Exercise description >>
Only these lines of the data below are wanted: the one with "Earl Klugh : Sudden", the one with "Giacca da sci", and any lines between them, each repeated exactly.

Extracted entries >>
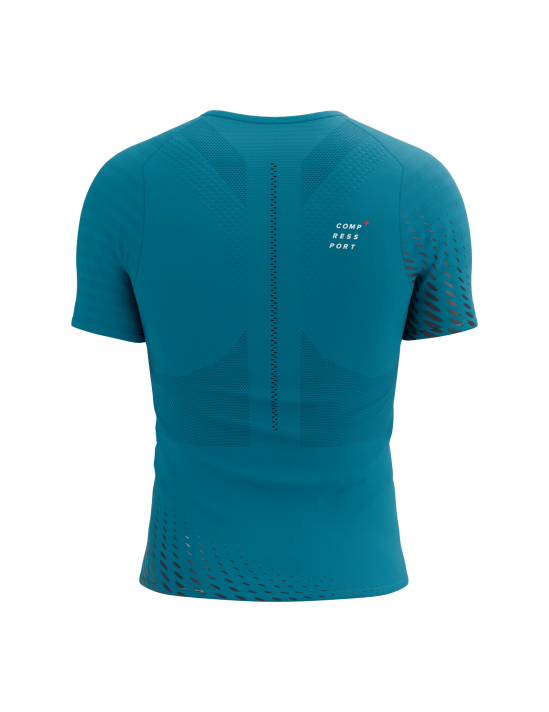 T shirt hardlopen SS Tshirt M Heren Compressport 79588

---

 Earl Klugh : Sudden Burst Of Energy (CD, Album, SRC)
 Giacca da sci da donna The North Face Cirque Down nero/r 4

* * *

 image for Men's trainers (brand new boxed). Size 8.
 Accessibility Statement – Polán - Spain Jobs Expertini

Output of the task >>
 Earl Klugh : Sudden Burst Of Energy (CD, Album, SRC)
 Giacca da sci da donna The North Face Cirque Down nero/r 4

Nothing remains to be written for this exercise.